The planes took off from the town of Lučenec in Banská Bystrica region, heading to Italy. The pilots originally planned to fly with five ultra-light planes from the Italian airport of Campoformido, which was also the starting point of Štefánik’s ill-fated journey on May 4, 1919. They had to change the programme due to bad weather, however, flying instead only from Hungary to Bratislava.
“We had to land in Hungary, thereby shortening the whole route," SFUL’s head flight inspector Marián Sluk told TASR. The planes, with Štefánik’s effigy on their tails, were arranged in a formation of three machines in front and two machines flying in the rear in order to symbolise his three-engine biplane Caproni Ca-33. The only existing replica of this aircraft is on display at Bratislava’s M.R. Štefánik Airport.
The commemorative event was also supported by the Bratislava Airport, which did not collect any airport fees from the SFUL pilots.

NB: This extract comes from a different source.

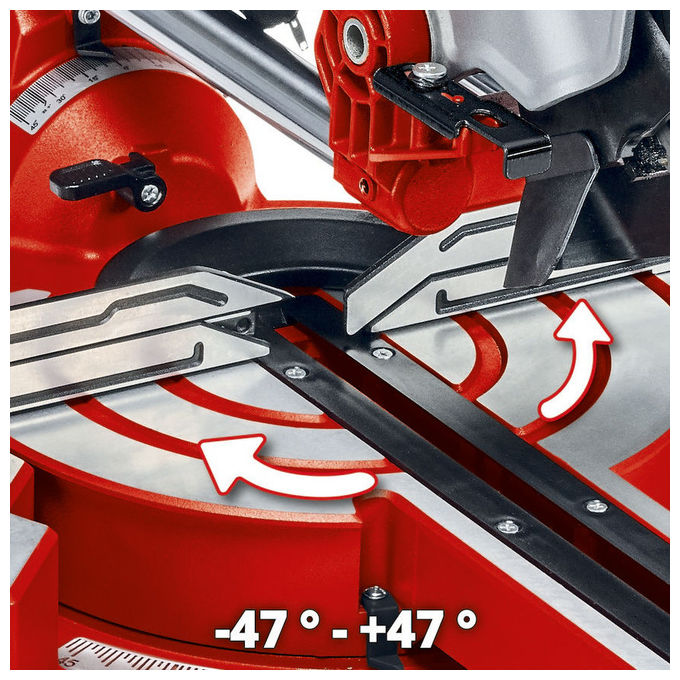 Einhell Troncatrice Radiale Te-Sm 216 Dual per Seghe a Nastro e Fai da Te per un Taglio Preciso e Professionale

Štefánik was one of the most significant figures of Slovakia's modern history. He was born in 1880 in the village of Košariská and died in a plane crash near Bratislava. He was an outstanding astronomer, military pilot, French military general and one of the first Slovaks who several times ascended Mont Blanc. He was instrumental in setting up Czechoslovakia in 1918 along with the country’s first president Tomáš Garrigue Masaryk.